### DESCRIPTION OF THE TASK
Exactly as given, write out the lines from the one containing "Crystal White Tricoat" through the end of the listing, with both ends included and nothing else.

### DATASET RECORDS
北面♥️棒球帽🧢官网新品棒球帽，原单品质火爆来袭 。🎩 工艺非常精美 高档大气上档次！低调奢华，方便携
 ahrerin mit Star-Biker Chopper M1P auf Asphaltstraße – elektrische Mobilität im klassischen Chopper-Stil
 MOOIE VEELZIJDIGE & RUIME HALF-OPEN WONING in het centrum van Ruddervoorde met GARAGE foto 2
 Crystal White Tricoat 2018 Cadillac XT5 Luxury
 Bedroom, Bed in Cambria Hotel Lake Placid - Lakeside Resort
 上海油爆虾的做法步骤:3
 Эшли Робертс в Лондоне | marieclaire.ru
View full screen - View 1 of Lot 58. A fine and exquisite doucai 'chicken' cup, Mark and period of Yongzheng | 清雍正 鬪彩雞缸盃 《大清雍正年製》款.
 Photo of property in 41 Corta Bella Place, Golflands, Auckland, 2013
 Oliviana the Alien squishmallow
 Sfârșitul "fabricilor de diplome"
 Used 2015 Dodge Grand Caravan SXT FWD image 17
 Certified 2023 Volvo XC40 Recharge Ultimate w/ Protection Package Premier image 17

### TASK OUTPUT
 Crystal White Tricoat 2018 Cadillac XT5 Luxury
 Bedroom, Bed in Cambria Hotel Lake Placid - Lakeside Resort
 上海油爆虾的做法步骤:3
 Эшли Робертс в Лондоне | marieclaire.ru
View full screen - View 1 of Lot 58. A fine and exquisite doucai 'chicken' cup, Mark and period of Yongzheng | 清雍正 鬪彩雞缸盃 《大清雍正年製》款.
 Photo of property in 41 Corta Bella Place, Golflands, Auckland, 2013
 Oliviana the Alien squishmallow
 Sfârșitul "fabricilor de diplome"
 Used 2015 Dodge Grand Caravan SXT FWD image 17
 Certified 2023 Volvo XC40 Recharge Ultimate w/ Protection Package Premier image 17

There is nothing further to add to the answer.